I have just seen some information on a 2007 survey undertaken by the PMO Executive Council (part of the Corporate Executive Board: http://www.executiveboard.com/). This snapshot survey, Attributes of a High Performance PM – 2007, found very little correlation between project management certification and project management effectiveness, or the number of years a person has been in project management roles and project management effectiveness.

The survey found the drivers for project management effectiveness were behavioural attributes such as problem solving and the ability to relate effectively with key stakeholders. Whilst many people may initially want to disagree with these findings, they are consistent with many other trends and on reflection quite logical.

Firstly, the survey did not look at the PM’s track record, merely the time the PM had been in project roles. It is reasonable to assume highly effective PMs will have a relatively short PM career and then move on and up the organisational hierarchy. Less effective PMs are likely to stay in their PM role focused on process and technology.

Secondly, whilst PM credentials such as PMP remain very effective tools in the job market; passing your PMP does not make you an effective project manager (see more on PMP). The PMP knowledge framework gives you the knowledge to be an effective project manager. Being effective requires you to become a competent project manager.

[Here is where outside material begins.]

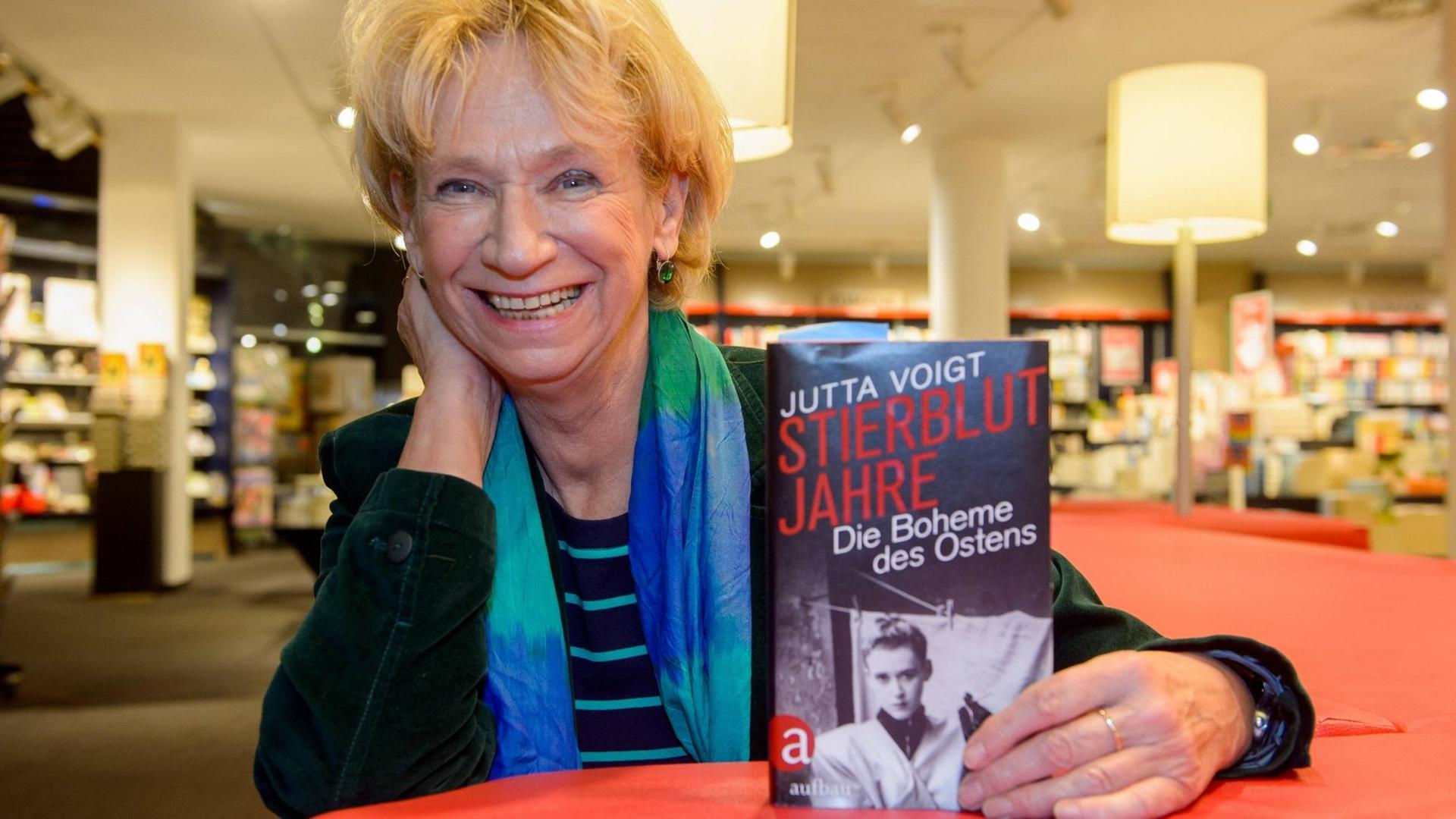 Die Journalistin und Autorin Jutta Voigt beim 20. Literaturfestival des Vereins Erfurter Herbstlese 2016 mit ihrem Buch "Stierblutjahre. Die Boheme des Ostens". Die Journalistin und Autorin Jutta Voigt beim 20. Literaturfestival des Vereins Erfurter Herbstlese 2016 mit ihrem Buch "Stierblutjahre. Die Boheme des Ostens".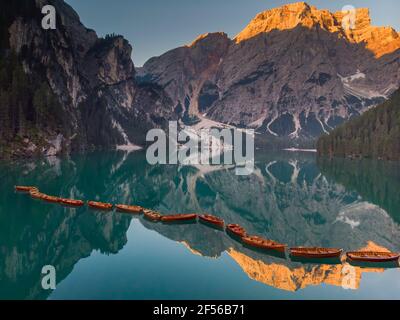 Ruderboote liegen am Pragser Wildsee am Berg Croda del Becco in den Dolomiten, Südtirol, Italien Stockfoto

Competency has three aspects, knowledge, skills and behaviour:

  • what you know,
  • your ability to apply the knowledge (essentially personality traits) and
  • your willingness to use the skills effectively (essentially behavioural traits).

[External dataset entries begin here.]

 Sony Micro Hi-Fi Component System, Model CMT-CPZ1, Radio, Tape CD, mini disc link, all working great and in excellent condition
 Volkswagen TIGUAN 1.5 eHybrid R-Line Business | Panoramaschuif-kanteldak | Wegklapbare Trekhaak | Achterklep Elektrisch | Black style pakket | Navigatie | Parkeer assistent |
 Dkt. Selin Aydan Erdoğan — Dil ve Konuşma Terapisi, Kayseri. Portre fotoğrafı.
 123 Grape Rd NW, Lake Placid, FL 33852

Qualifying project managers based on behavioural competencies is in its infancy. The Australian Institute of Project Management (AIPM) has recently moved its professional certification program (RegPM) from a procedural view of competency (eg, do you have a project schedule – the artefact?) to a behavioural view of competency (how effectively do you manager the schedule on your project?). This is ground breaking work.

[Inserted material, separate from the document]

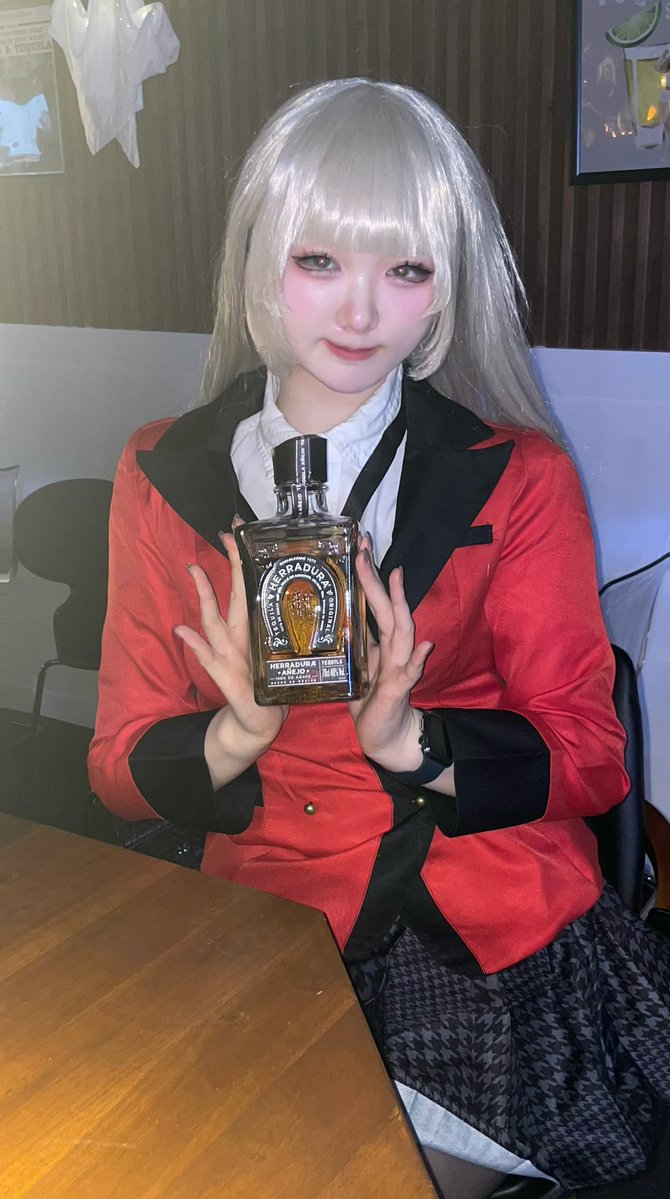 할로윈 이벤트 1등 하고 데킬라 바틀 받았어요🩷😋 칭구들이랑 다 마심)))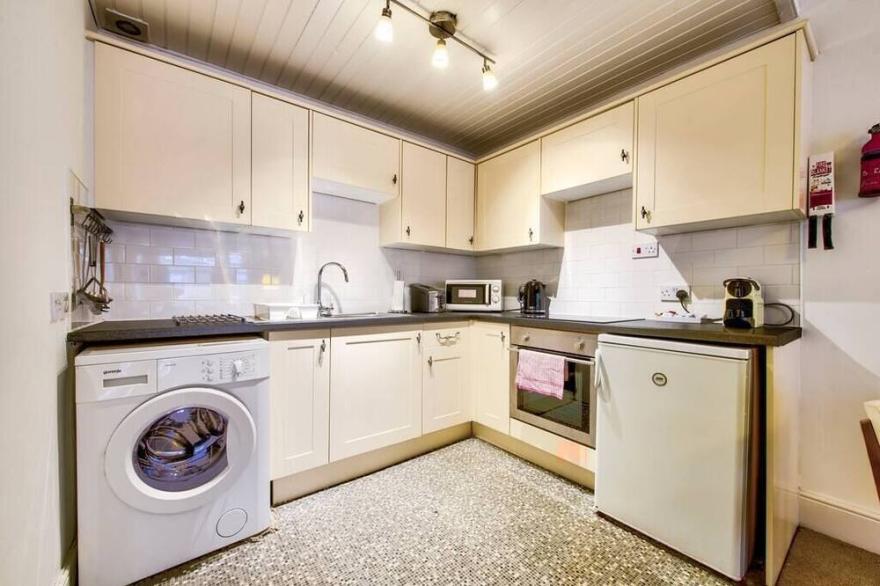 Perfect Location! Charming Rose St Apt for Couples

PMI have adopted a different, but similar approach in their program management certification (PgMP) with a 360 degree review testing how effective the candidate is in the workplace. These trends have a long way to go but are likely to be the next step in project certification.

Of more direct interest in the short term is the demonstrated link between how effectively a project manager engages with his/her key stakeholders and high performance outcomes. These skills are a core element in a number of workshops we run including Successful Stakeholder Management and The Science and Art of Communicating Effectively, and are supported in part by our Stakeholder Circle® methodology and tool set.

Learning how to apply the skills in the workplace though is not quite as simple as attending a workshop or buying a set of tools. Soft skills are very hard to acquire and use. My feeling is they are called ‘soft’ because they change shape and texture depending on the environment they are being applied within. The calculations for EV or CPM are universal; the best way to engage a senior stakeholder is totally dependent on the culture of the organisation. Some elements remain consistent (eg, the need for an effective relationship) but the way this is achieved varies.

Developing these advanced skills that are the attributes of high performance project managers requires context sensitive coaching and mentoring rather then formal courses (see: Executive PM Coaching & Mentoring). Ideally organisations seeking to develop high performance PMs will move beyond certification towards implementing internal mentoring systems – it’s the best way to ensure they are contextually relevant.

However, where we differ from the survey findings is that we believe certifications such as PMP are still relevant. Passing a PMI credential such as PMP or CAPM (see more on the PMI credential framework) is a positive demonstration of the initial knowledge component of competency; it’s just that knowledge alone is not sufficient.

Achieving this next level of high performance PMs will also require organisational competence in at least two domains. Process competence measured by tools such as PMI’s OPM3® framework and relationship management maturity measured by tools such as my SRMM® framework.

These are definitely interesting times for our profession.